Now there is a relevant question of whether or not a beloved show like SATC being on Netflix hurts the streaming platform Max. The reason SATC left Prime Video in 2020 was because Warner Bros. Discovery was launching HBO Max and it wanted exclusive content to entice people to sign up for its new streamer. Exclusivity is a potent weapon, especially when a platform is just starting out. For many years, Netflix refused to license library content unless it was the only place the show could be streamed. But as it grew bigger, it cared less about that and now has quite a few shows (like Suits) that live multiple places. I suspect something similar is going on at Max. After four years, Warner Bros. Discovery execs have a good idea of what shows attract and keep subscribers, and what might be lost if audiences have options for where to stream them. My hunch is that SATC, while probably a strong performer (especially during last year’s 25th-anniversary push or when And Just Like That … has new episodes), is not as popular as Friends or Game of Thrones, and likely doesn’t bring in a lot of new subscribers at this point. I don’t think anyone deciding between spending $16-ish a month is going to choose Netflix over HBO (or vice versa) because of SATC. 

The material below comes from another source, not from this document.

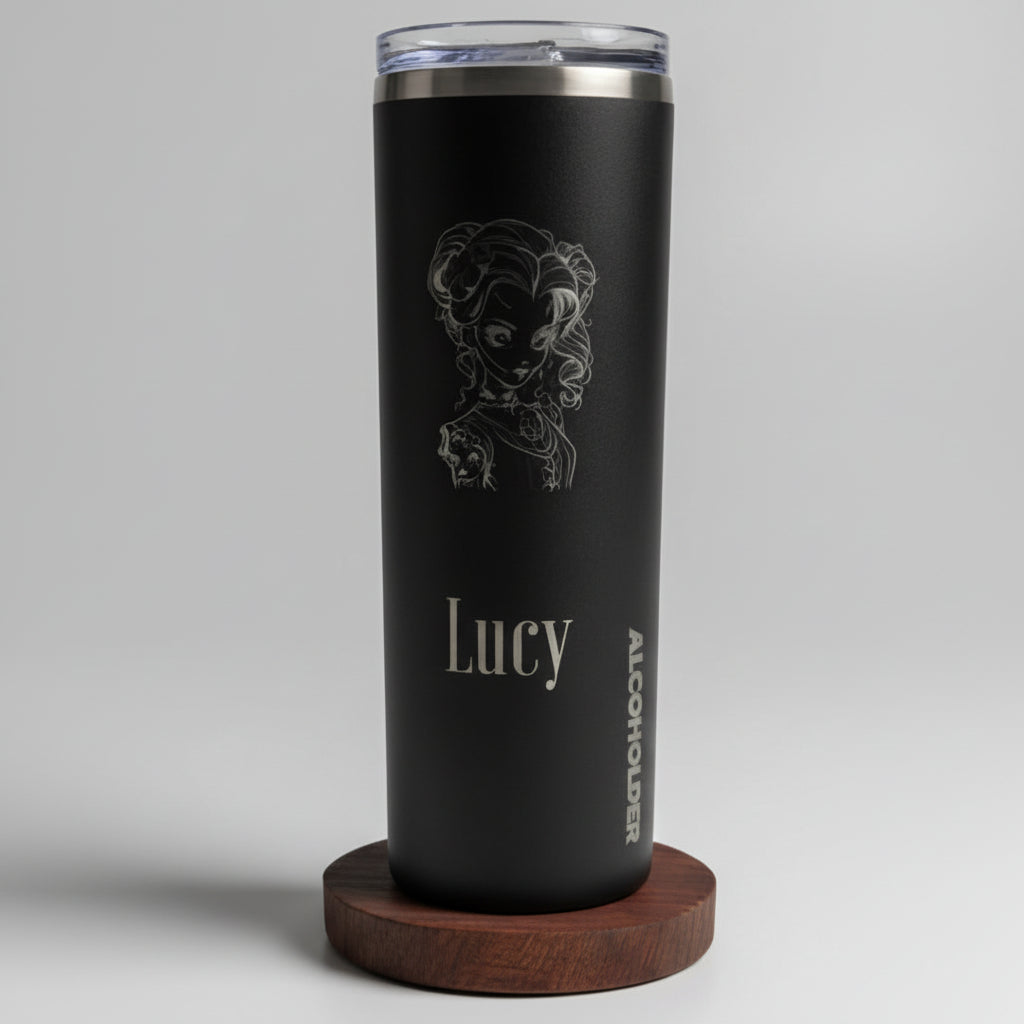 Black tumbler with 'Lucy' engraving next to a SKINZ box on a wooden surface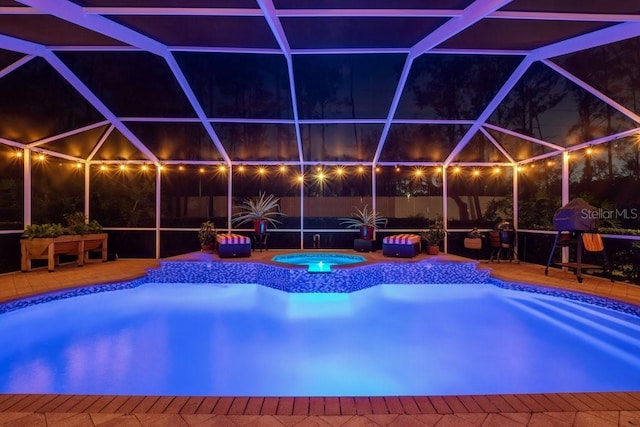 view of swimming pool with an in ground hot tub, a patio, and glass enclosure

But even if there are people like that, WB Disco execs have to balance out the revenue lost from slightly fewer subscribers and the money coming in from licensing. I’ve heard from some sources this week that Netflix is paying lower and lower rates for library shows, particularly as the power of its platform has grown stronger and its old media rivals weaker. That said, money is money, and companies like WBD and NBCUniversal need cash. The way things are going, it wouldn’t shock me if we woke up one day to the news that Friends or (more likely) The Office was back on Netflix — either because Max and Peacock decided they no longer needed them exclusively or because Max or Peacock no longer exist.